Start of Exercise data

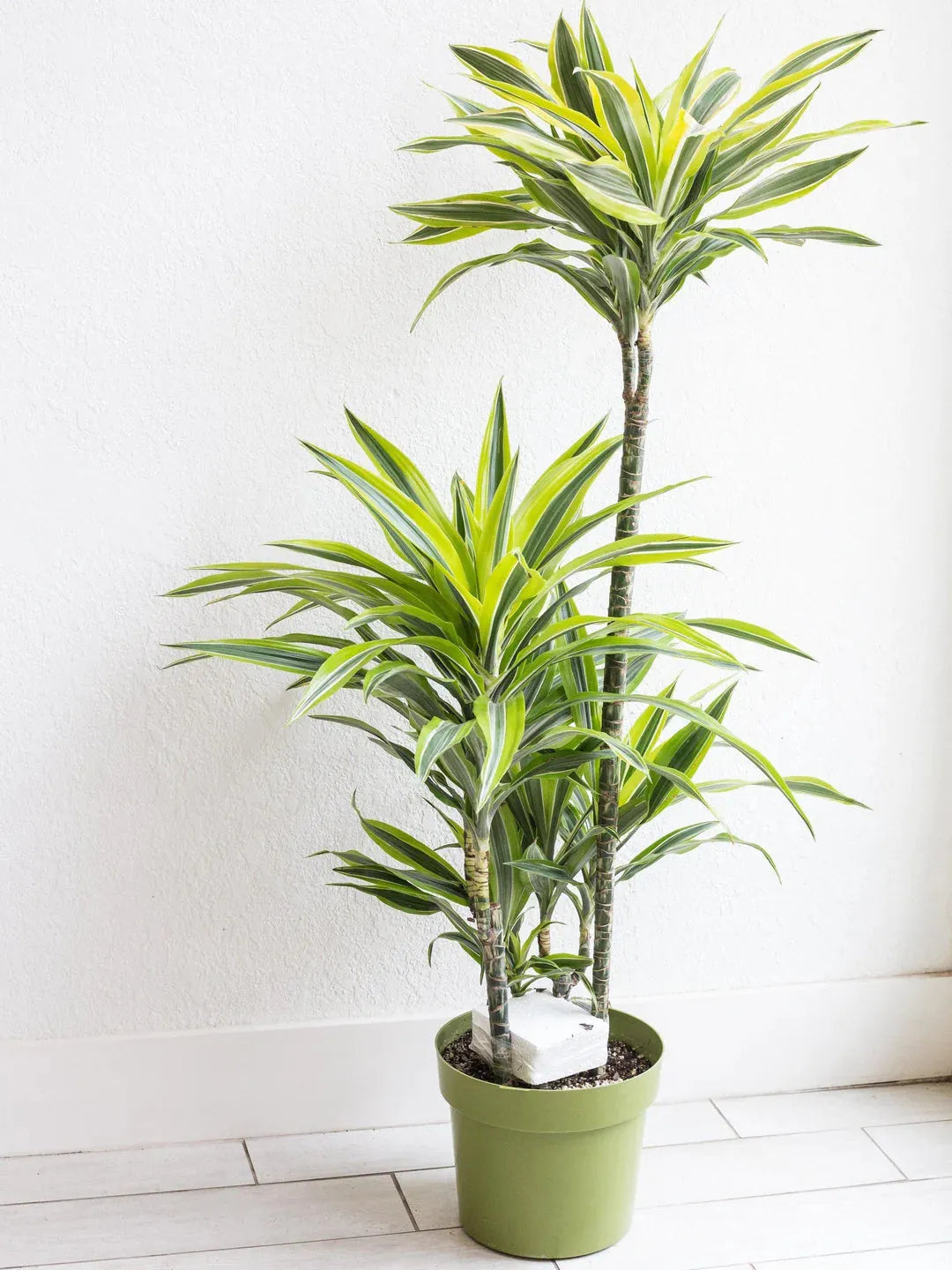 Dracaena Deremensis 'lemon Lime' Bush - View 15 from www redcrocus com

End of Exercise data
Start of Exercise data

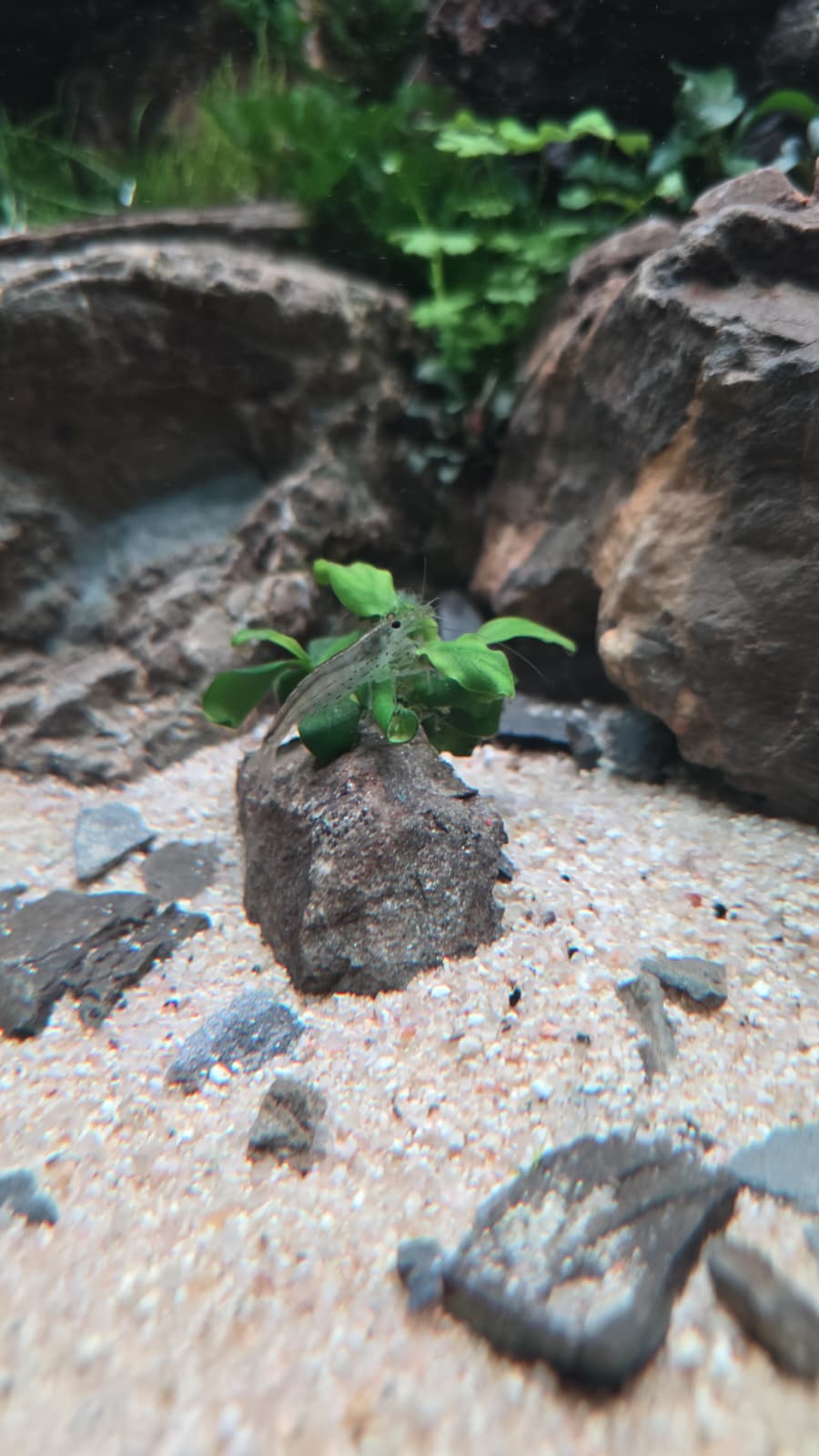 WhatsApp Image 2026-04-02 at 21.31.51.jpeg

End of Exercise data
Start of Exercise data

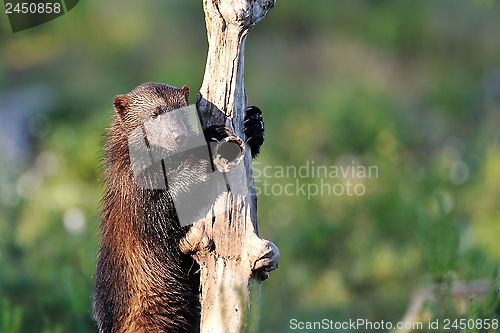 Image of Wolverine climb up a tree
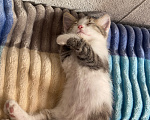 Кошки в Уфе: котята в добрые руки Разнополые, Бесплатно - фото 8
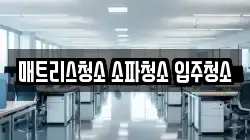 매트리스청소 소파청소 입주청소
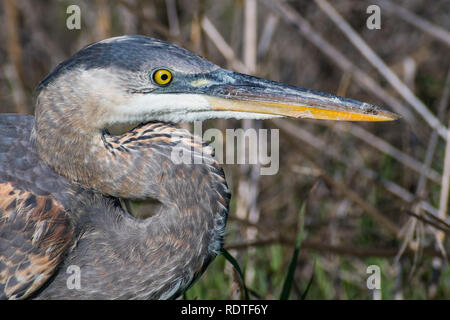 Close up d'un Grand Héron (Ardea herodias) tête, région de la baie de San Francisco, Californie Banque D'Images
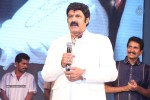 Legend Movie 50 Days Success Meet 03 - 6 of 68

End of Exercise data

*Exercise instructions*: Return exactly the lines of the material above, starting at the line containing "매트리스청소 소파청소 입주청소" and finishing at the line containing "Legend Movie 50", without any pictures.

*Completed task*:
 매트리스청소 소파청소 입주청소
 Close up d'un Grand Héron (Ardea herodias) tête, région de la baie de San Francisco, Californie Banque D'Images
 Legend Movie 50 Days Success Meet 03 - 6 of 68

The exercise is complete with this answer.